**Input data**.
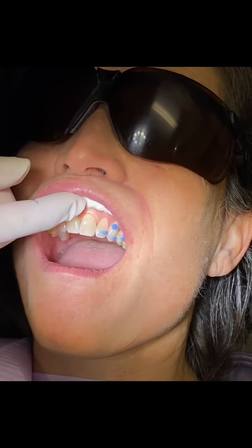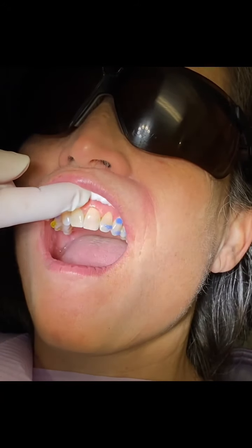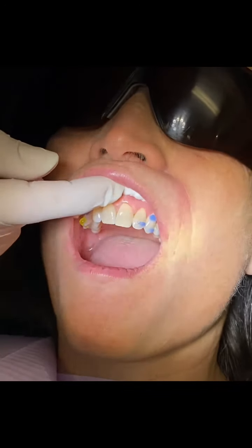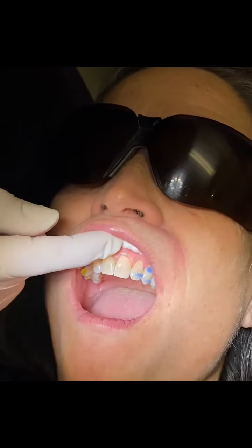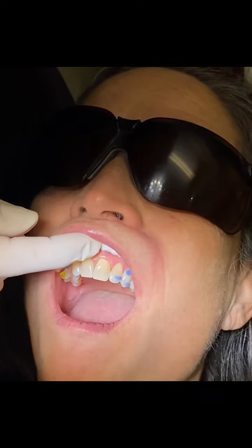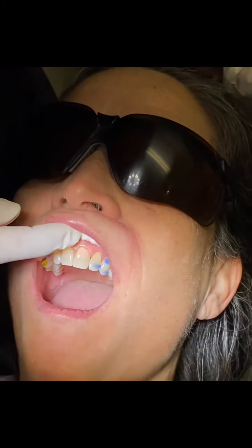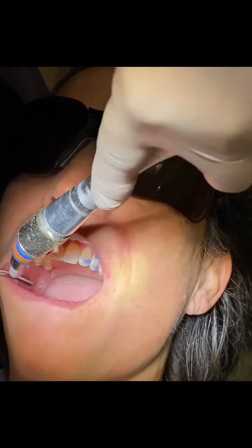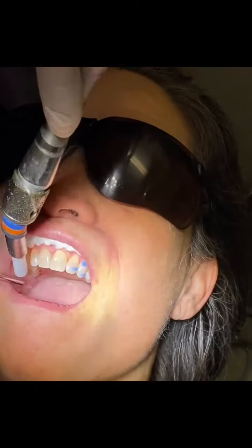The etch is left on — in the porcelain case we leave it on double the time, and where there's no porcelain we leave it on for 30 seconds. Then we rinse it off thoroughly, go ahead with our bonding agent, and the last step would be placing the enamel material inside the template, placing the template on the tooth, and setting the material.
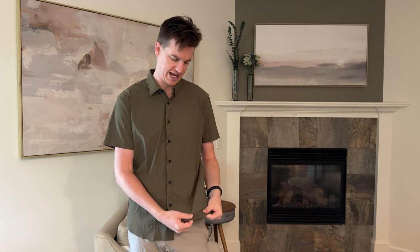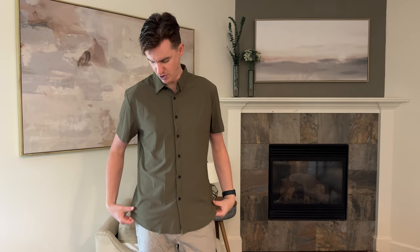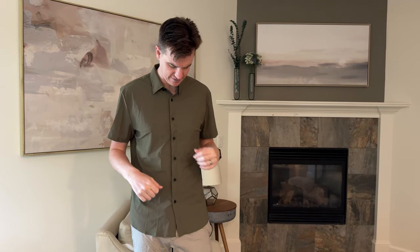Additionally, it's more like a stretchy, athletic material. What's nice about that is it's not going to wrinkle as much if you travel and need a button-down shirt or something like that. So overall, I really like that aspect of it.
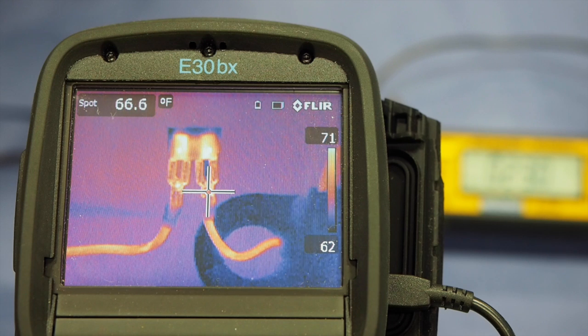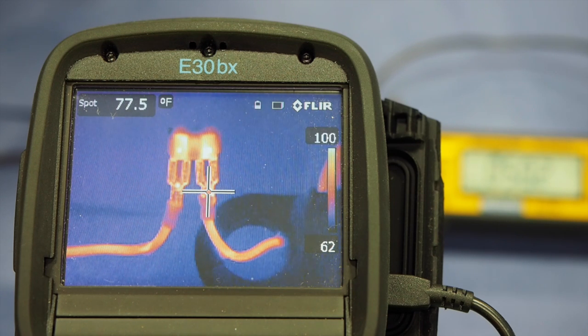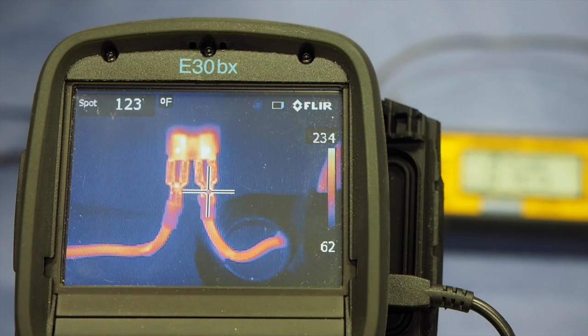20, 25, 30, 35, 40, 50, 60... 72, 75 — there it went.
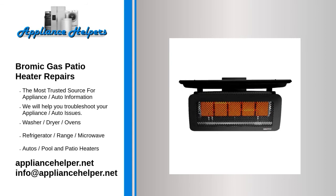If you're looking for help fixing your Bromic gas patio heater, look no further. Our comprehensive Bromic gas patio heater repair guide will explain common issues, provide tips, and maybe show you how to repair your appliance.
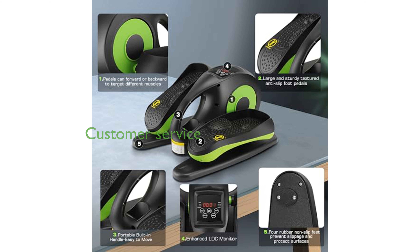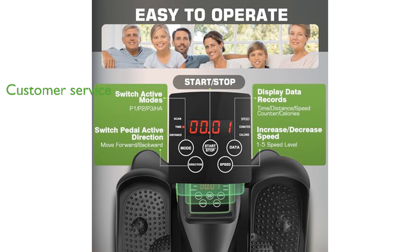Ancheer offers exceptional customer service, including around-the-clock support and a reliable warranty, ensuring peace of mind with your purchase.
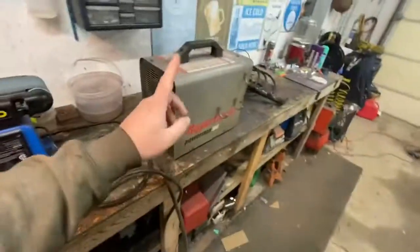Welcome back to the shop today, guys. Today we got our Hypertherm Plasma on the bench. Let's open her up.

**Task item**. Leave out every picture, and repeat word for word only the lines from the one holding "Ancheer offers exceptional" through the end of the entries above, both ends included.

**Output of the exercise**.
Ancheer offers exceptional customer service, including around-the-clock support and a reliable warranty, ensuring peace of mind with your purchase.
Welcome back to the shop today, guys. Today we got our Hypertherm Plasma on the bench. Let's open her up.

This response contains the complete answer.